Unlike indexing for scalar data, building vector index has to take full advantage of SIMD (single instruction, multiple data) acceleration. Milvus has innate support for SIMD instruction sets, e.g., SSE, AVX2, and AVX512. Given the “hiccup” and resource-intensive nature of vector index building, elasticity becomes crucially important to Milvus in economical terms. Future Milvus releases will further explorations in heterogeneous computing and serverless computation to bring down the related costs.
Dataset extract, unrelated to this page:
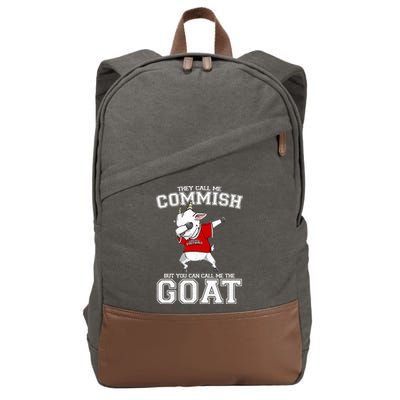 They Call Me Commish GOAT Cotton Canvas Backpack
Besides, Milvus also supports scalar filtering and primary field query. It has inbuilt indexes to improve query efficiency, e.g., Bloom filter indexes, hash indexes, tree-based indexes, and inverted indexes, and plans to introduce more external indexes, e.g., bitmap indexes and rough indexes.

Data query

Data query refers to the process of searching a specified collection for k number of vectors nearest to a target vector or for all vectors within a specified distance range to the vector. Vectors are returned together with their corresponding primary key and fields.

Data query Data query

A collection in Milvus is split into multiple segments, and the query nodes loads indexes by segment. When a search request arrives, it is broadcast to all query nodes for a concurrent search. Each node then prunes the local segments, searches for vectors meeting the criteria, and reduces and returns the search results.

Query nodes are independent from each other in a data query. Each node is responsible only for two tasks: Load or release segments following the instructions from query coord; conduct a search within the local segments. And proxy is responsible for reducing search results from each query node and returning the final results to the client.

Handoff Handoff

There are two types of segments, growing segments (for incremental data), and sealed segments (for historical data). Query nodes subscribe to vchannel to receive recent updates (incremental data) as growing segments. When a growing segment reaches a predefined threshold, data coord seals it and index building begins. Then a handoff operation initiated by query coord turns incremental data to historical data. Query coord will distribute sealed segments evenly among all query nodes according to memory usage, CPU overhead, and segment number.